▸ **Exercise objective**
Transcribe the full listing without changing a word, and omit its pictures.

▸ **Input for this task**
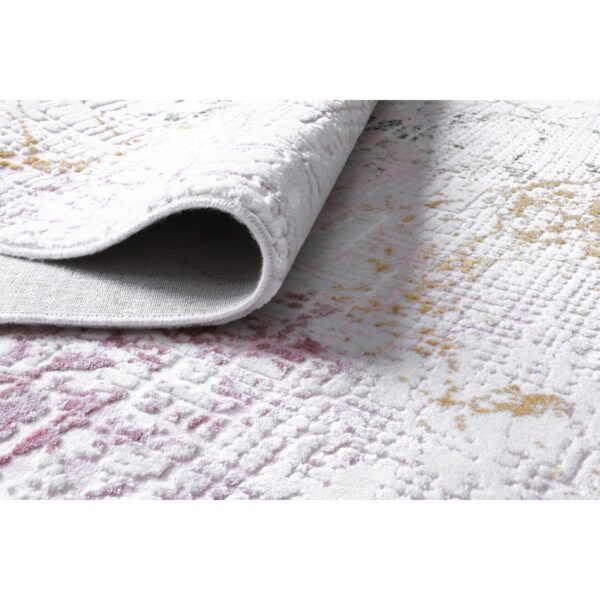 NOWOCZESNY NAKRAPIANY dywan do salonu GALAXY RAINBOW kremowy kolorowy 200x290 cm - obrazek 4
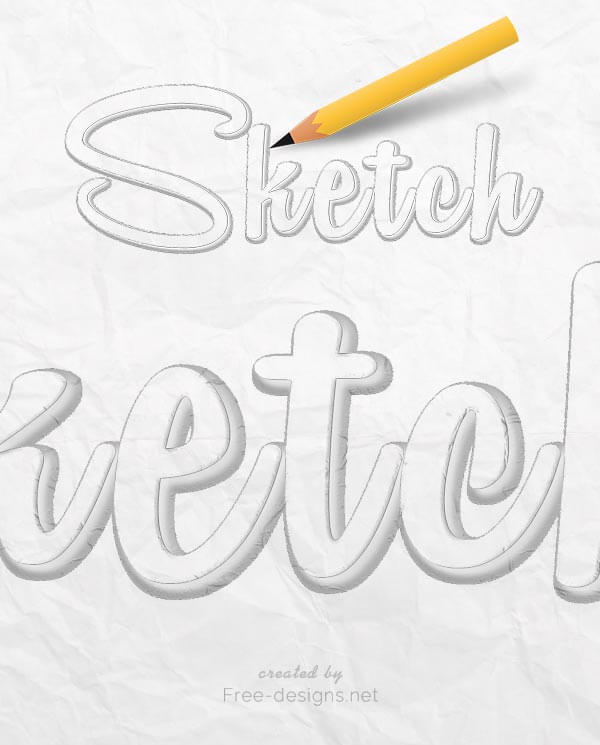 Photoshop Free Text Effect Unique Preset psd フォトショップ 無料 テキストエフェクト プリセット サムネイル デザイン Sketch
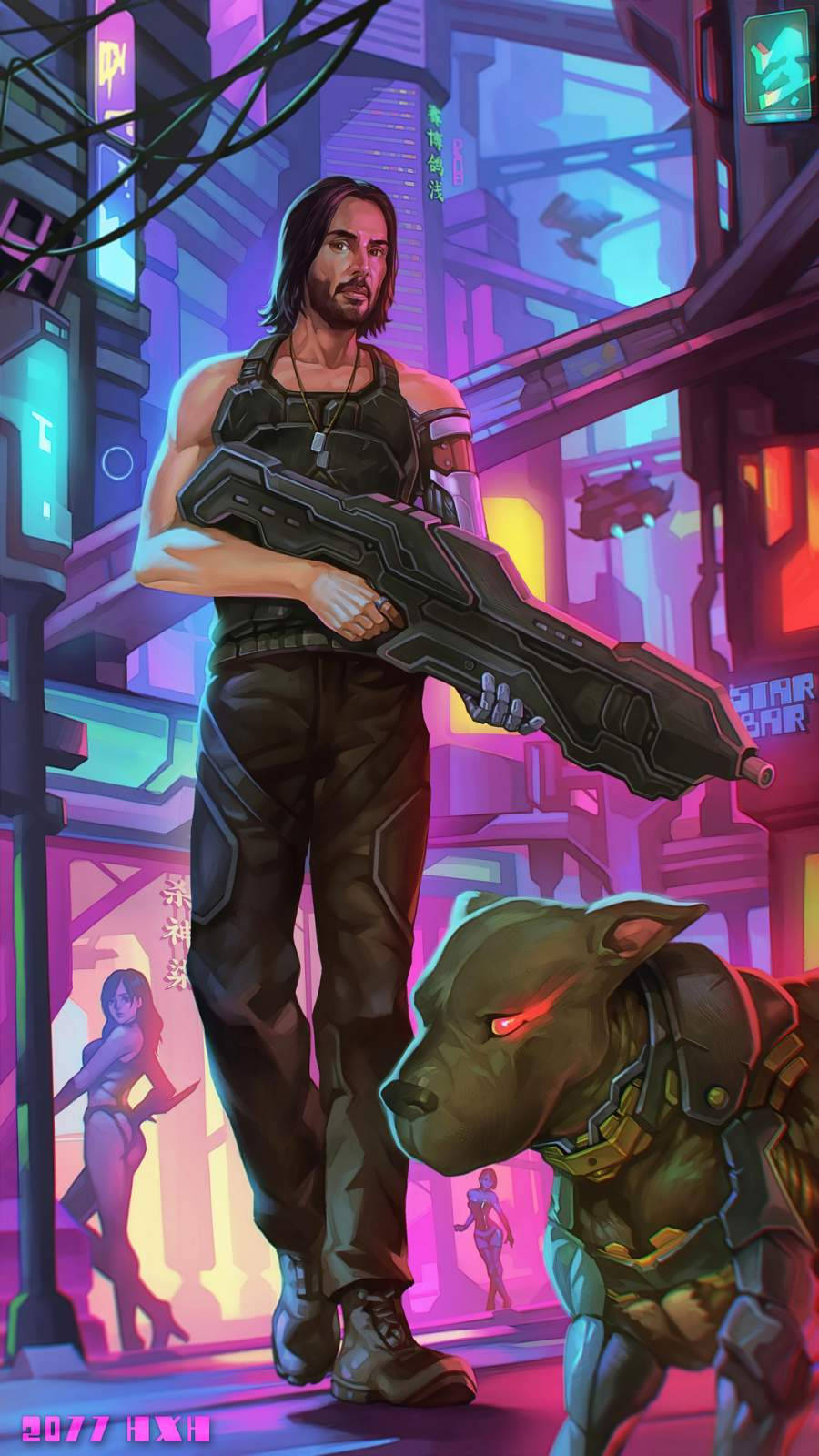 Джонни Сильверхенд Cyberpunk 2077 iPhone Обои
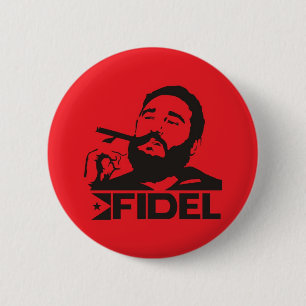 Bóton Redondo 5.08cm Fidel Castro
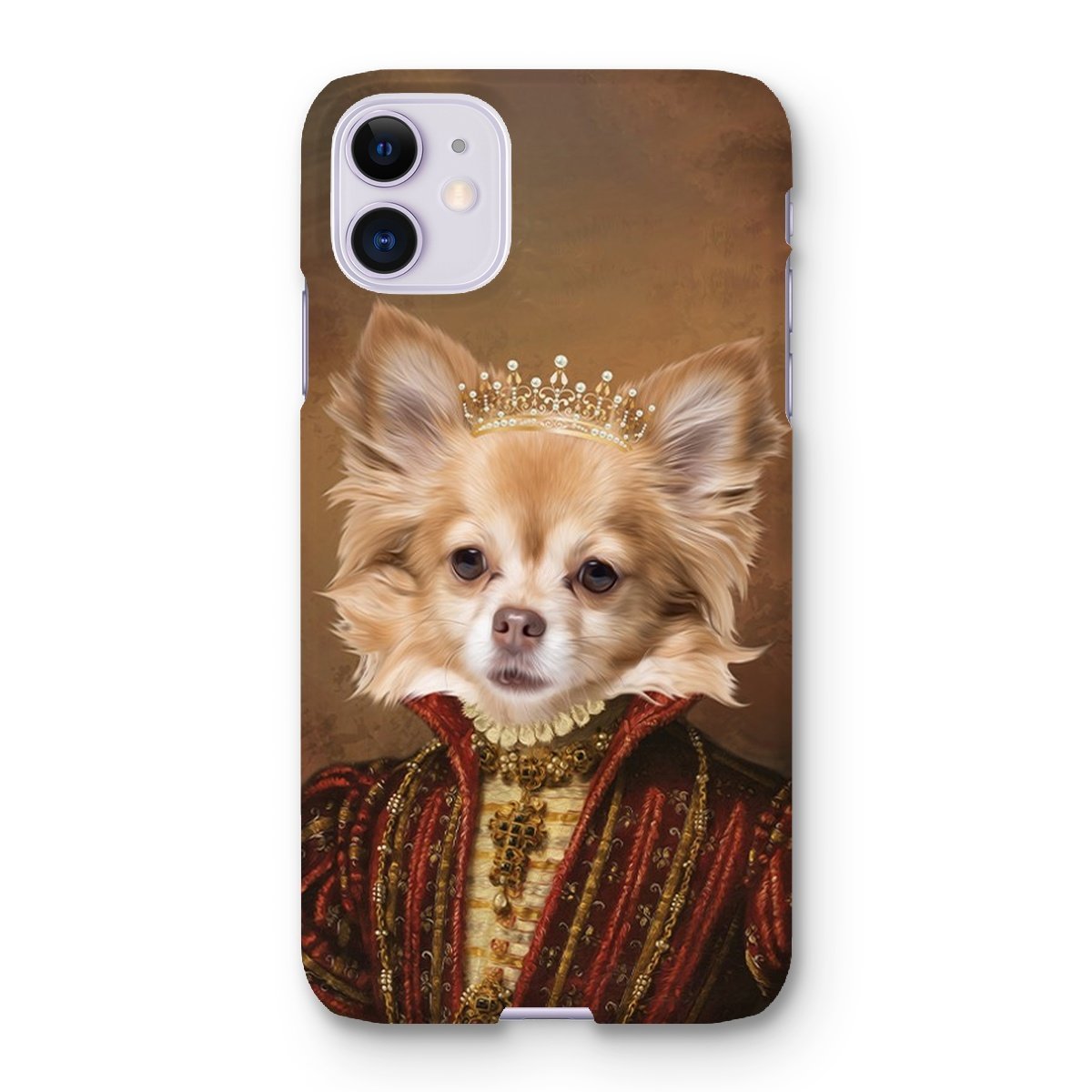Pet Portraits | The Spanish Princess: Custom Pet Phone Case | Paw & Glory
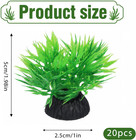 20 Pcs Artificial Aquarium Plants Fish Tank Plants Decoration  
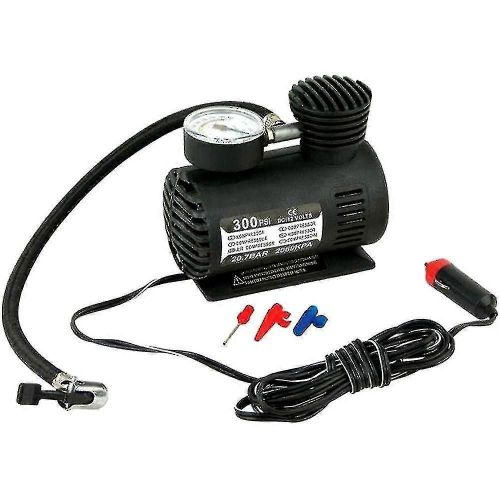 300psi 12v Mini Compresseur D'air Auto Voiture Pneu Électrique Pompe De Gonflage D'air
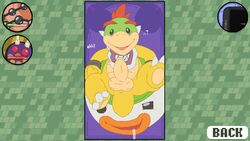 16:9 2019 3_toes ? aliasing anal_beads anthro anus argon_vile balls black_eyes bodily_fluids bowser_jr. cellphone claws drooling english_text erection front_view hud koopa koopa_clown_car looking_at_viewer male male_only mario_(series) monster_mind nintendo nude penis phone saliva scalie sex_toy smartphone smile solo text toes uncut video_games young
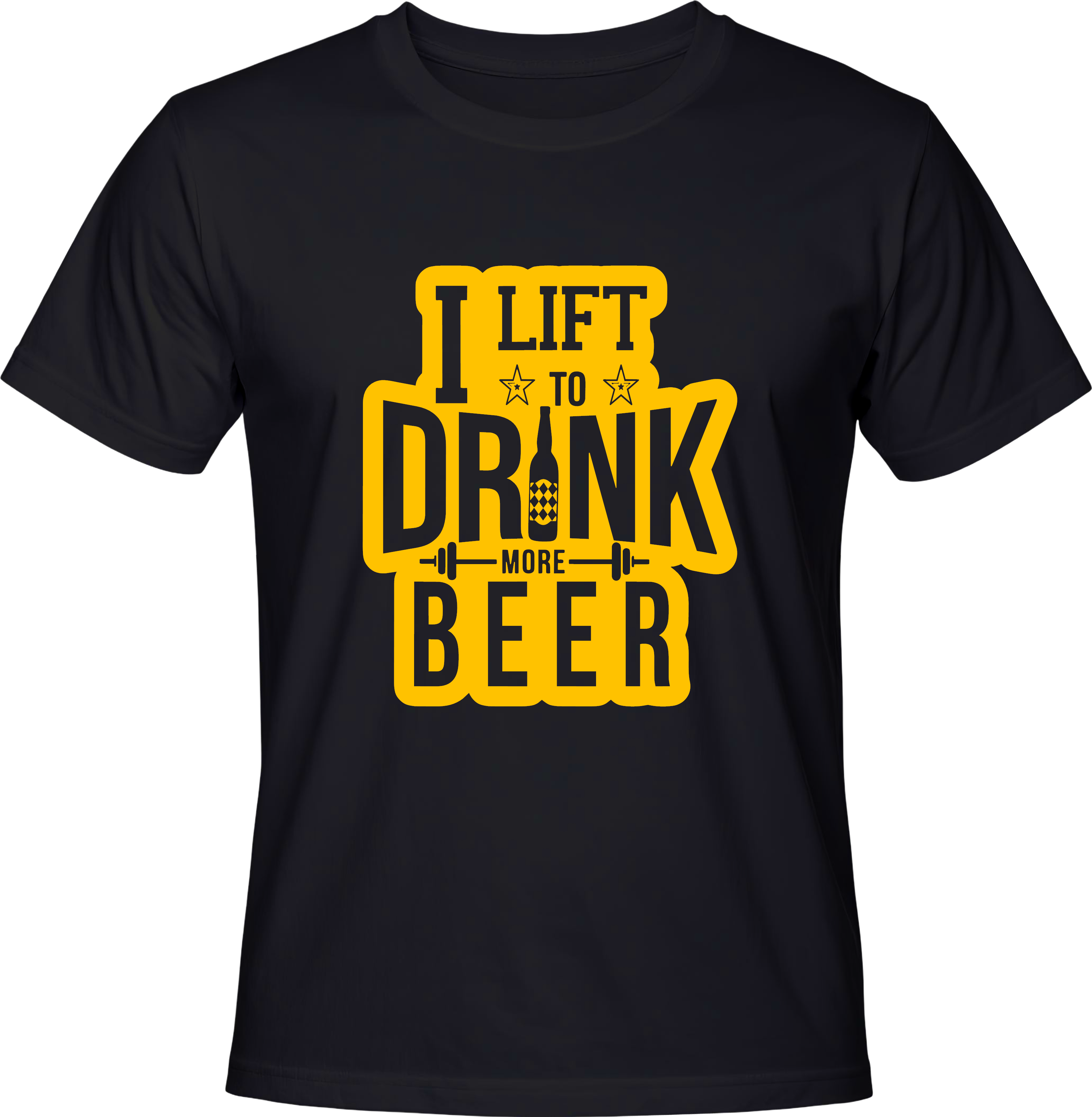 Тениска I lift to drink more beer
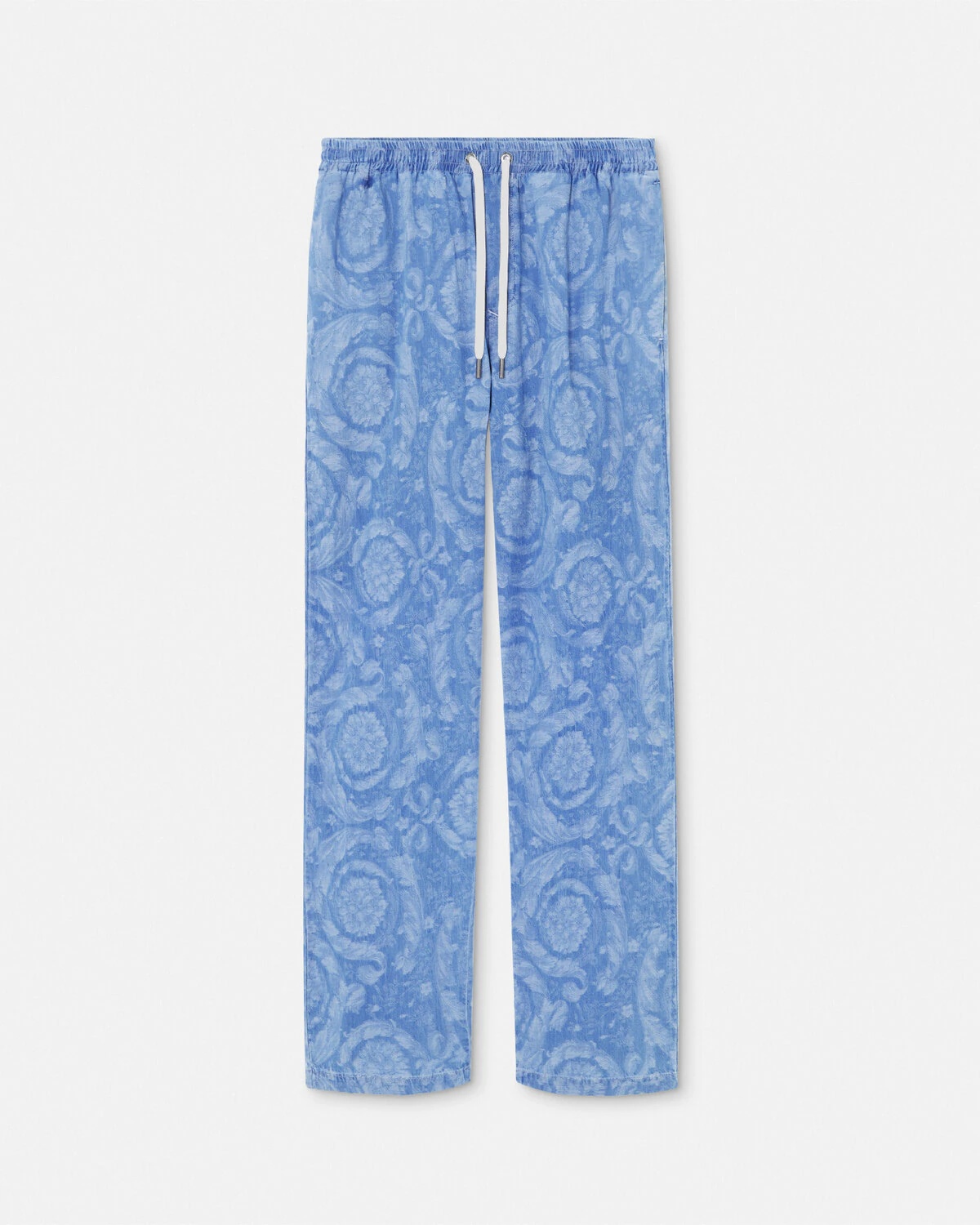 Barocco Chambray Denim Pants - 1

▸ **Response area**
 NOWOCZESNY NAKRAPIANY dywan do salonu GALAXY RAINBOW kremowy kolorowy 200x290 cm - obrazek 4
 Photoshop Free Text Effect Unique Preset psd フォトショップ 無料 テキストエフェクト プリセット サムネイル デザイン Sketch
 Джонни Сильверхенд Cyberpunk 2077 iPhone Обои
 Bóton Redondo 5.08cm Fidel Castro
Pet Portraits | The Spanish Princess: Custom Pet Phone Case | Paw & Glory
 20 Pcs Artificial Aquarium Plants Fish Tank Plants Decoration  
 300psi 12v Mini Compresseur D'air Auto Voiture Pneu Électrique Pompe De Gonflage D'air
 16:9 2019 3_toes ? aliasing anal_beads anthro anus argon_vile balls black_eyes bodily_fluids bowser_jr. cellphone claws drooling english_text erection front_view hud koopa koopa_clown_car looking_at_viewer male male_only mario_(series) monster_mind nintendo nude penis phone saliva scalie sex_toy smartphone smile solo text toes uncut video_games young
 Тениска I lift to drink more beer
 Barocco Chambray Denim Pants - 1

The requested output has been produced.